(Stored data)
+ + + + +

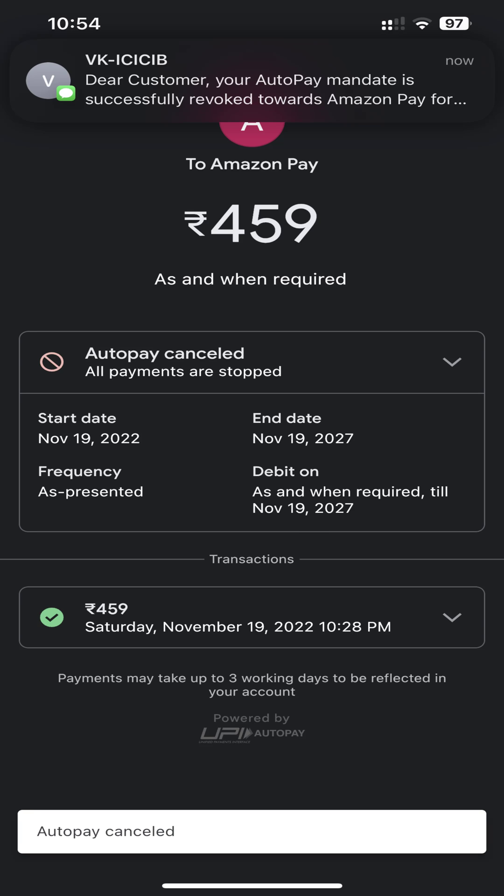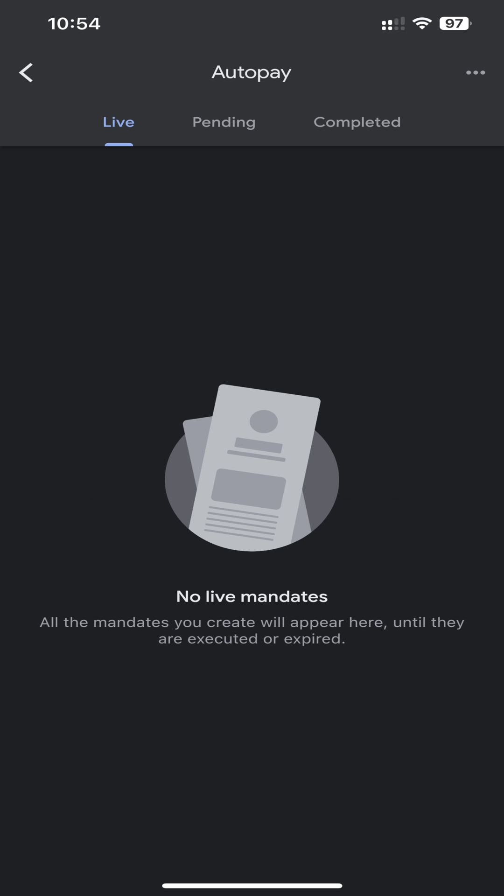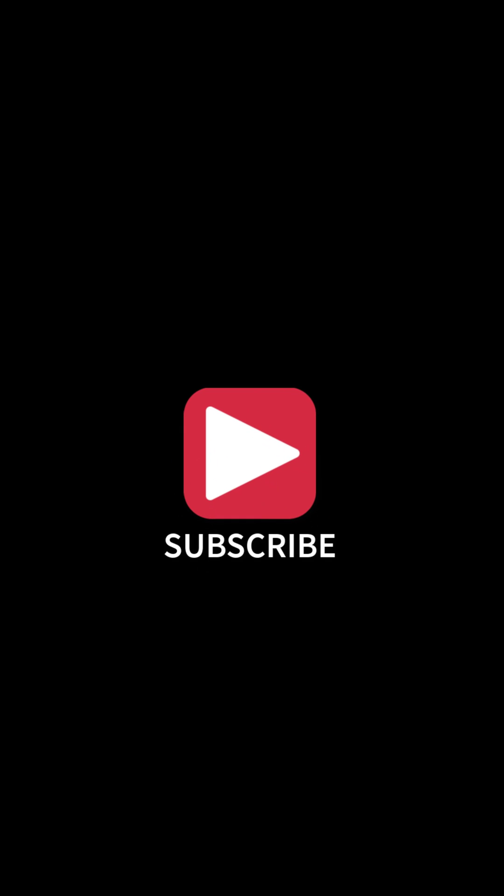Done. Go back and check the status in the live tab. Hope this small video helps you. For more videos like this, please subscribe to our channel.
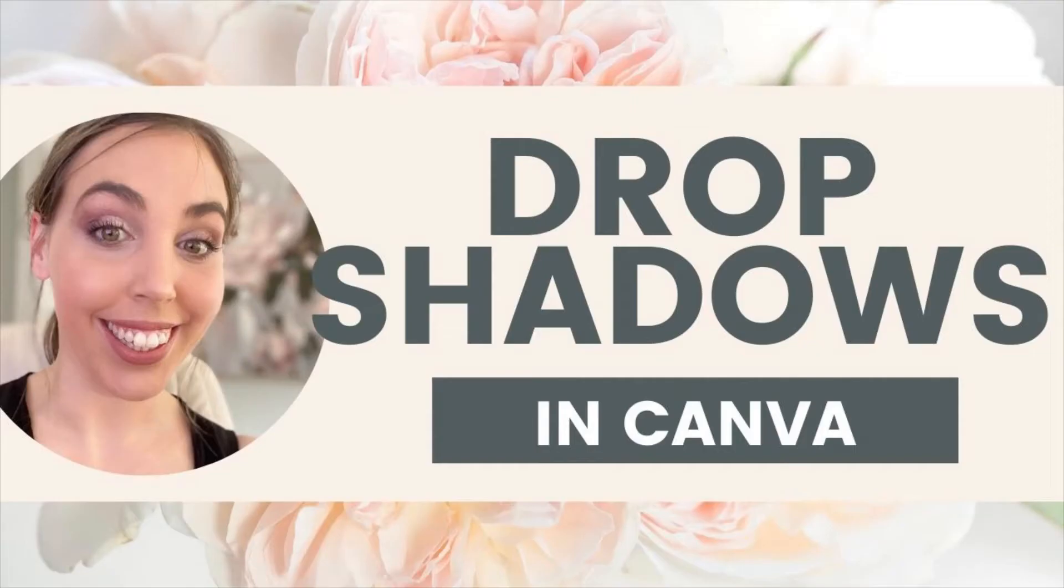If you're anything like me, you're always on a mission to make your product images better. I have a tutorial for you today which is all about drop shadows, and it goes into a bit of detail on how you can do it in Canva.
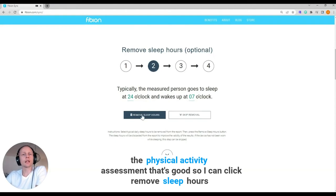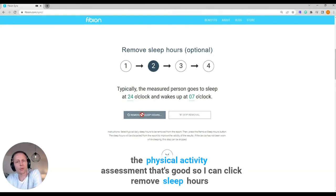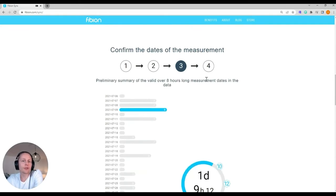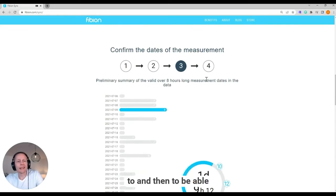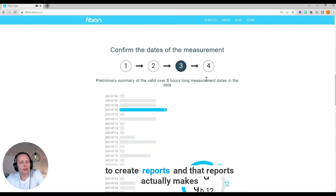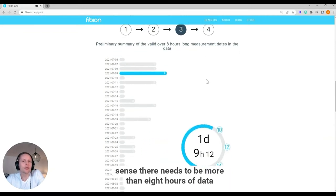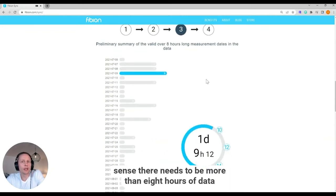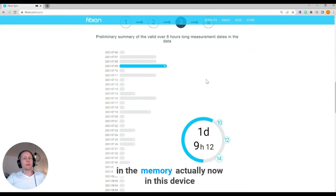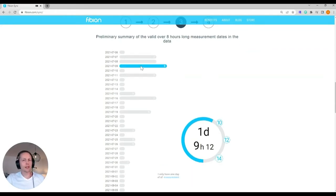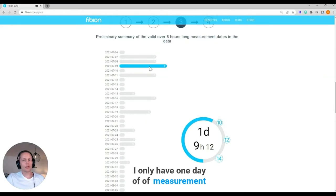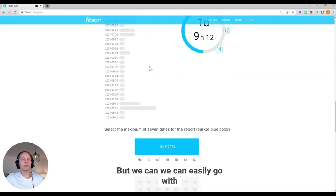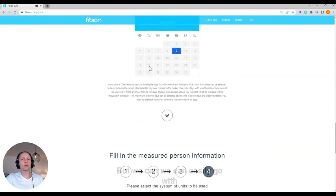So I can click remove sleep hours. I could also just click skip if I wanted to. And then to be able to create reports and that reports actually make sense, there needs to be more than 8 hours of data in the memory. Actually, now in this device I only have one day of measurement, but we can easily go with that.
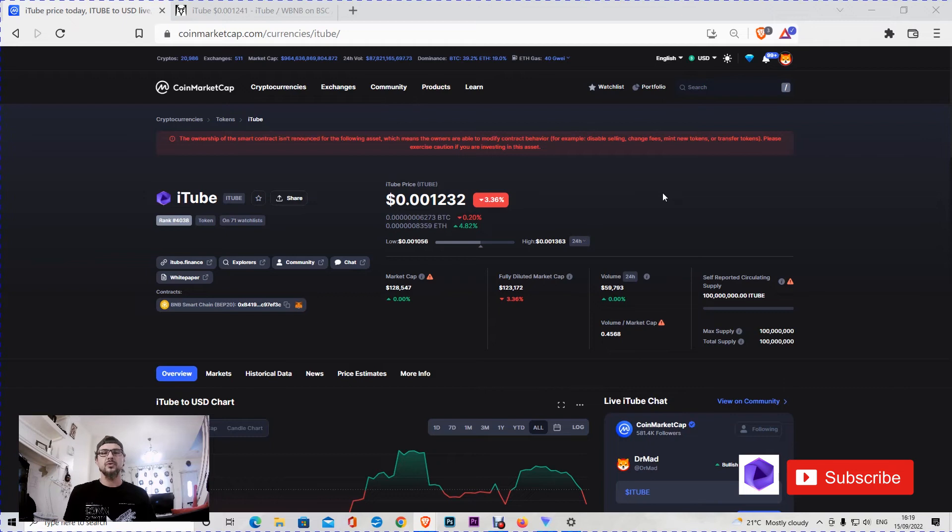Hello friends, welcome to a new crypto chat. Today we're going to talk about a new added token on CoinMarketCap.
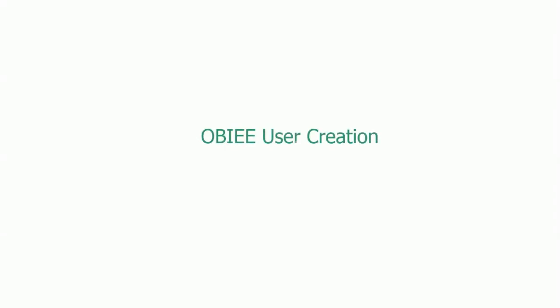Hello there, welcome to this lecture in the series on OBIEE security. Now that you've learned about OBIEE users, groups, roles, and how they are related to each other...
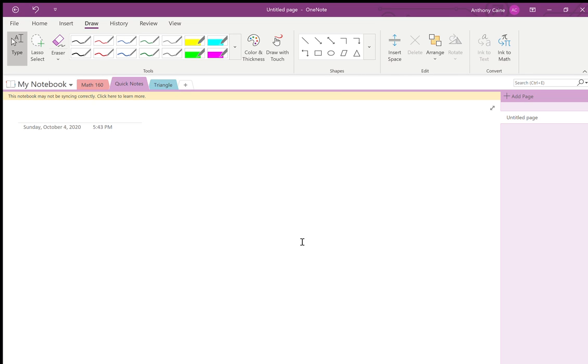Let's do a week six recap. I keep messing this up, so I'm tired of doing all the different details — this is going to be short and sweet. Here we go. We've got a product rule.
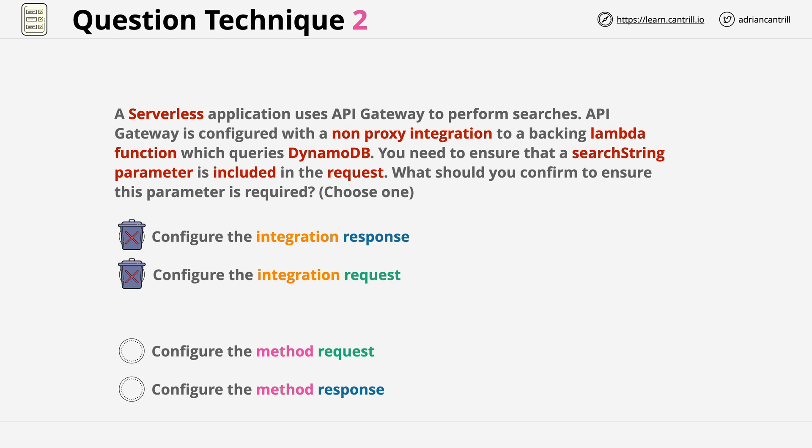Now if you remember the API Gateway lessons, the method request is part one of the interaction. It controls what the client needs to provide to an API. The method response controls how the API responds back to the client. Based on this, we can actually eliminate the bottom answer because it's the initial communication that we're interested in, not the final part. We want to insist on the inclusion of a parameter within the request. And so the correct answer is to configure the method request. So this is the first part of the communication between the client and the API Gateway. It's here in this component where we can configure what's required within that initial communication. And so this is the correct answer. And that's it for this question.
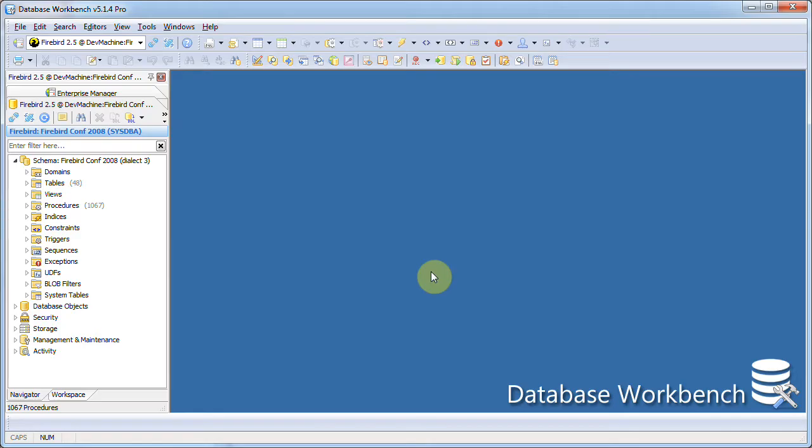Hi and welcome to this short demo about Database Workbench. In this demonstration I will show you local filtering, sorting and grouping of result sets.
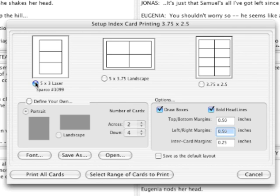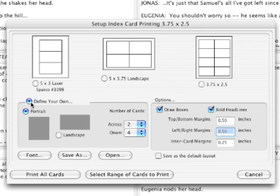Otherwise, you can print on standard 8.5 by 11 inch sheets of paper, and you have a number of choices for arranging your cards on the page and for other formatting options.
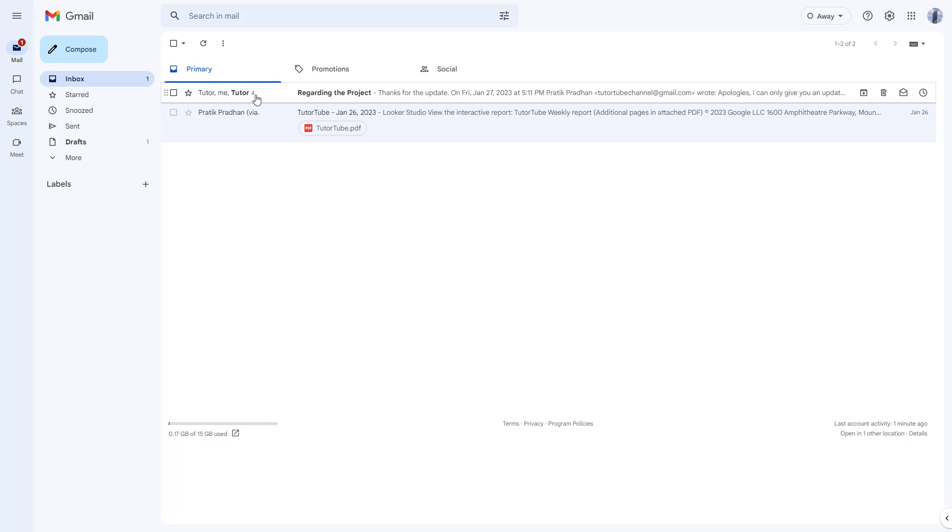So whenever someone sends out an email and you reply to that email and they reply back to that particular email itself, then what happens is that the email keeps it as a thread so that the emails are linked with one another.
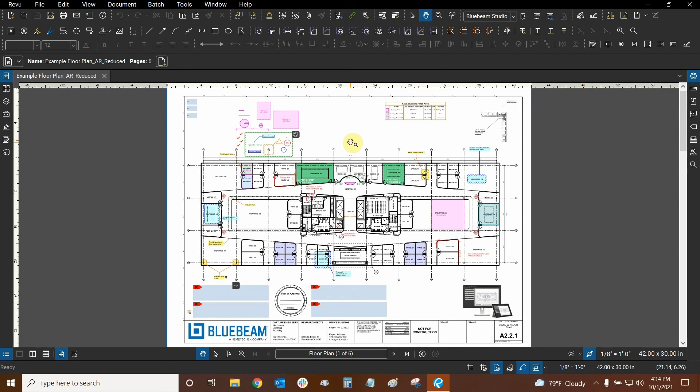Thanks very much for watching our tutorial on how to reduce the file size of your PDFs with Bluebeam Review. Once again, my name is Ari and I'm with Digital Drafting Systems. Hope you have a great rest of your day.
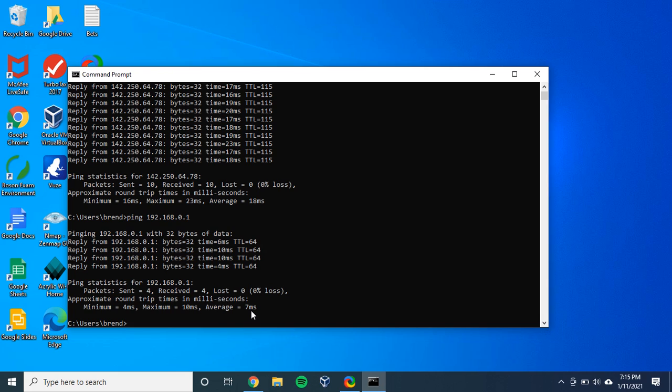Seven milliseconds. Not too bad. I hope this was a valuable demonstration for you.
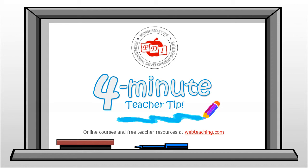Welcome to PDI's 4-Minute Teacher Tip. For more teacher resources and online courses, visit us at webteaching.com.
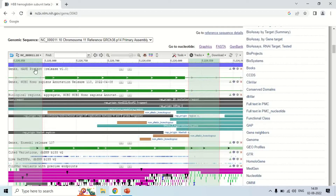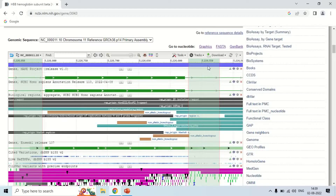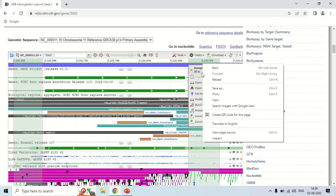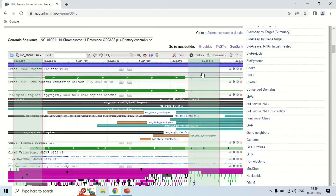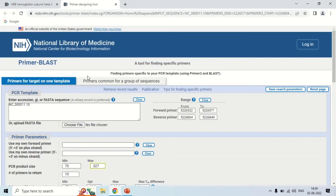Once you have selected the portions for the forward and reverse primers, right-click and you will see the BLAST and primer search options. Choose the 'Primer BLAST selection' option. This will open another window which is the Primer BLAST software of NCBI.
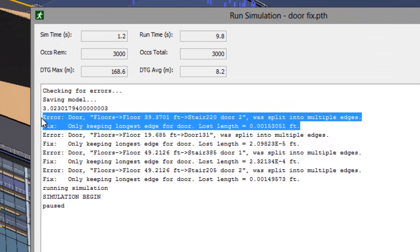In this case, we see a warning that door 2 of stair 220 on floor 39.37 has been modified. We will address this problem.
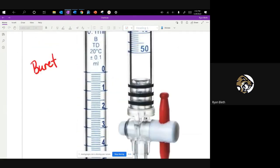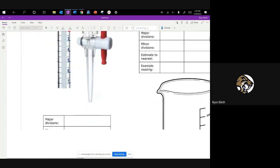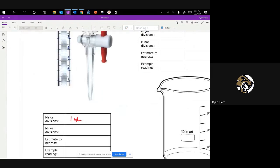If you look at this really closely, this has lines to the nearest tenth of a milliliter. The major divisions are for every one milliliter — one, two, three, up to 50. The fine lines are down to the nearest tenth of a milliliter. So our major divisions are to the nearest one milliliter and our minor divisions are to the nearest tenth of a milliliter. We can estimate one place further than that, and if we take that and divide it by 10, we can actually estimate our readings down to the nearest hundredth of a milliliter. That makes this the most precise instrument we'll use this way in a chemistry course.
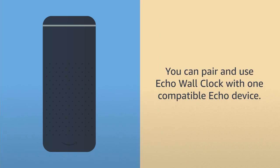Before you get started, set up your compatible Echo device. Please note that you can pair and use Echo Wall Clock with one compatible Echo device.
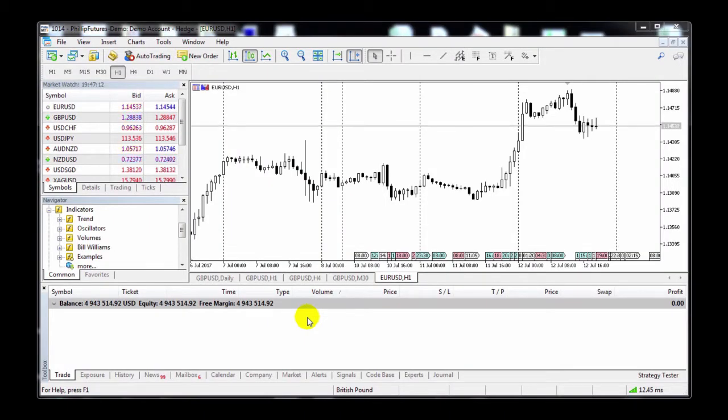Now I'll be showing you how to download a free expert advisor from the MetaQuotes market, as well as how to run the editor and create your own EA.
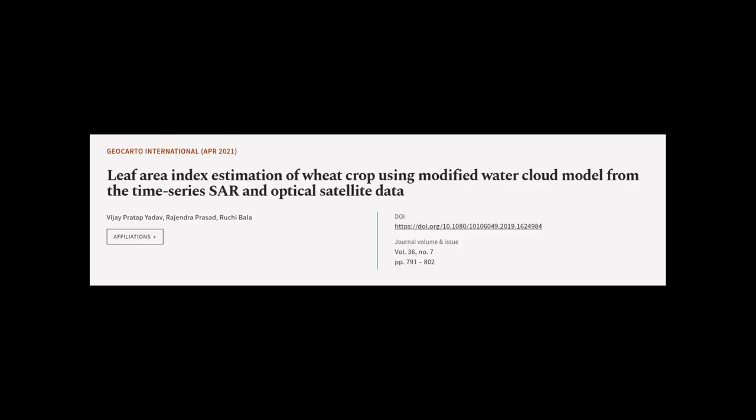This article was authored by Vijay Pratap Yadav, Rajendra Prasad, and Ruchi Bala.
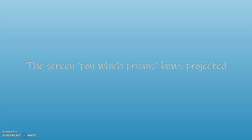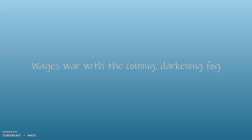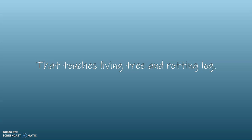The screen upon which prism's bows projected wages war with the coming darkening fog that touches living tree and rotting log, yet silence.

+ + + + +

About this task
Every entry must be reproduced exactly, with the images left out.

Answer space
Done. Go back and check the status in the live tab. Hope this small video helps you. For more videos like this, please subscribe to our channel.
If you're anything like me, you're always on a mission to make your product images better. I have a tutorial for you today which is all about drop shadows, and it goes into a bit of detail on how you can do it in Canva.
So I can click remove sleep hours. I could also just click skip if I wanted to. And then to be able to create reports and that reports actually make sense, there needs to be more than 8 hours of data in the memory. Actually, now in this device I only have one day of measurement, but we can easily go with that.
Hello friends, welcome to a new crypto chat. Today we're going to talk about a new added token on CoinMarketCap.
Hello there, welcome to this lecture in the series on OBIEE security. Now that you've learned about OBIEE users, groups, roles, and how they are related to each other...
Let's do a week six recap. I keep messing this up, so I'm tired of doing all the different details — this is going to be short and sweet. Here we go. We've got a product rule.
Now if you remember the API Gateway lessons, the method request is part one of the interaction. It controls what the client needs to provide to an API. The method response controls how the API responds back to the client. Based on this, we can actually eliminate the bottom answer because it's the initial communication that we're interested in, not the final part. We want to insist on the inclusion of a parameter within the request. And so the correct answer is to configure the method request. So this is the first part of the communication between the client and the API Gateway. It's here in this component where we can configure what's required within that initial communication. And so this is the correct answer. And that's it for this question.
Hi and welcome to this short demo about Database Workbench. In this demonstration I will show you local filtering, sorting and grouping of result sets.
Otherwise, you can print on standard 8.5 by 11 inch sheets of paper, and you have a number of choices for arranging your cards on the page and for other formatting options.
So whenever someone sends out an email and you reply to that email and they reply back to that particular email itself, then what happens is that the email keeps it as a thread so that the emails are linked with one another.
Thanks very much for watching our tutorial on how to reduce the file size of your PDFs with Bluebeam Review. Once again, my name is Ari and I'm with Digital Drafting Systems. Hope you have a great rest of your day.
Seven milliseconds. Not too bad. I hope this was a valuable demonstration for you.
Welcome to PDI's 4-Minute Teacher Tip. For more teacher resources and online courses, visit us at webteaching.com.
Once you have selected the portions for the forward and reverse primers, right-click and you will see the BLAST and primer search options. Choose the 'Primer BLAST selection' option. This will open another window which is the Primer BLAST software of NCBI.
In this case, we see a warning that door 2 of stair 220 on floor 39.37 has been modified. We will address this problem.
If you look at this really closely, this has lines to the nearest tenth of a milliliter. The major divisions are for every one milliliter — one, two, three, up to 50. The fine lines are down to the nearest tenth of a milliliter. So our major divisions are to the nearest one milliliter and our minor divisions are to the nearest tenth of a milliliter. We can estimate one place further than that, and if we take that and divide it by 10, we can actually estimate our readings down to the nearest hundredth of a milliliter. That makes this the most precise instrument we'll use this way in a chemistry course.
Before you get started, set up your compatible Echo device. Please note that you can pair and use Echo Wall Clock with one compatible Echo device.
Now I'll be showing you how to download a free expert advisor from the MetaQuotes market, as well as how to run the editor and create your own EA.
This article was authored by Vijay Pratap Yadav, Rajendra Prasad, and Ruchi Bala.
The screen upon which prism's bows projected wages war with the coming darkening fog that touches living tree and rotting log, yet silence.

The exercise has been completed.